The researcher says if that were the case, other companies around the world would be having the same problem. But an examination of the revenues for the world’s top 50 chemical companies shows the situation in Korea is an isolated case.
Lim said that in the past 21 years, the average operating profit rate of these companies has been 9.3 percent. But since 2009 after the crisis, the average operating profit rate has significantly improved. The average rate of 8 percent in 2009 was 12 percent two years later and 10 percent in 2012-13.
In contrast, the average operating profit rate of 21 Korean chemical companies was 9.5 percent in 2010, 8.1 percent in 2011 and in the neighborhood of 4.5 percent in 2012-13.
Although it could be said that U.S. chemical companies are enjoying the benefits of shale gas and oil development, Japanese and European companies also have shown an improved performance in recent years.
“It’s not correct to say the global chemical industry itself is in trouble, because Korean companies’ worsening profit was the result of diminishing demand from the Chinese market in the past, while their corporate values failed to recover,” Lim said.
She said the problem is within the Korean companies themselves.
By macroeconomic indicators, the Korean chemical industry has enjoyed a favorable year in 2013, with exports of $61.2 billion and imports of $39 billion leaving a trade surplus of $22.2 billion. But a closer look shows a completely different story.
The global chemical business can be categorized into three sectors: petrochemical, which accounts for 46 percent of global business; new material chemicals, which takes up 45 percent; and inorganic chemistry with 9 percent.
However, Korean companies are heavily concentrated in petrochemicals, reporting a $31.4 billion trade surplus.
On the other hand, high-value precision chemistry businesses reported a trade deficit of $9.2 billion.
Additionally, last year the companies imported expensive materials like paint, ink and adhesives and display materials, whose import unit price exceeds $19,000 per ton. They imported a total of $2 billion in such materials, which accounted for 12 percent of the total.
Korean companies also fell behind in petrochemical development, which should be one of their areas of specialty, to Japan, the United States, Germany and others.
Lim said the crisis that Korean companies face today came from within.
Korean companies since 2012 on average have spent $2.1 billion on research and development, far less than $12.3 billion Europe spent. China during the same period spent $10.4 billion, after spending only $2.9 billion in 2006.
Korean companies invest 1.3 percent of their revenue on research and development, a stark contrast to the 4 percent investment of Japanese companies.

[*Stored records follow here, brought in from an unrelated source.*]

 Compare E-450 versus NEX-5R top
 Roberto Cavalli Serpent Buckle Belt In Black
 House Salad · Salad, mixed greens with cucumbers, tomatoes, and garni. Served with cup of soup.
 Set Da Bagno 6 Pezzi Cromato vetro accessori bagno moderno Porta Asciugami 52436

Toray is a Japanese company that started off as a textile manufacturer in 1926. Today, it has more than 7,100 employees and last year it saw revenue of 1.8 trillion yen (17.4 trillion won).

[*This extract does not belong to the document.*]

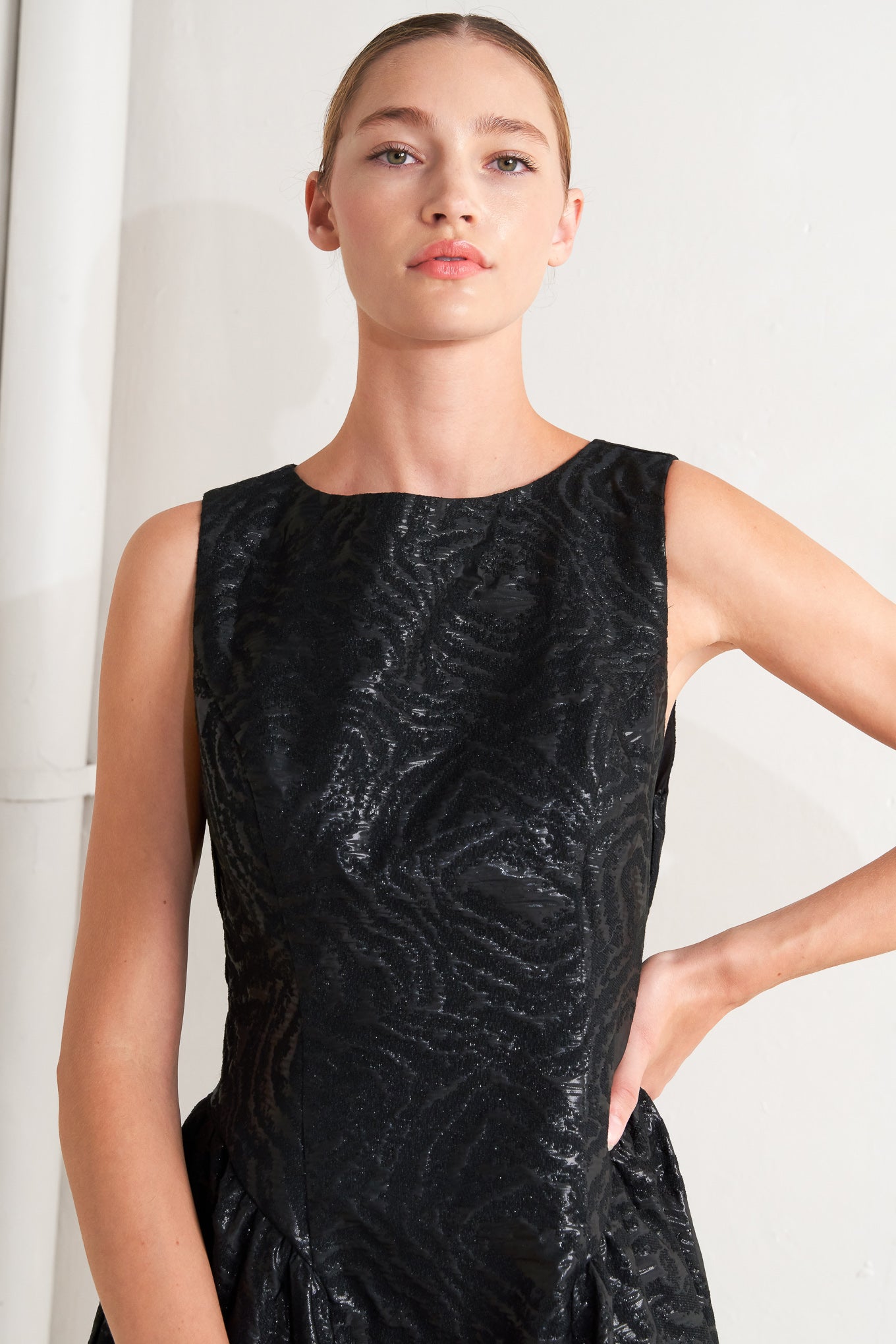 CHECK YOURSELF BLACK WOVEN MIDI DRESS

Last year, the company raked in 256 billion yen in the textile business, which many experts and market players consider an industry in decline.
The secret to the success of the Japanese chemical company was cooperation. Toray proposed working jointly with Uniqlo in 2000. The company set up a global operations office at its headquarters and started to develop the textile that Uniqlo requested. As a result, they were able to develop Heattech in 2003.
The new textile with high heat retention also led to the successful development of the fleece jacket. Its not the only textile that Toray is working on jointly as it is expanding product cooperation to other new materials, including plastics with strong carbon fiber.
It not only succeeded in partnering with airplane manufacturers Boeing and Air Bus, it went on to establish an automotive material solution center in 2008 and has been working with Mercedes-Benz on developing automobile parts.
In 2011, it was able to introduce its own developed concept car, the Teewave.
“If the only plan is to hold on like in the past, Korean chemical companies will loose their opportunities,” said Lim. “Before blaming it on the economy, the companies have to ponder on how they would strengthen their businesses from the very foundation and set the current struggle as the starting point for change and innovation.”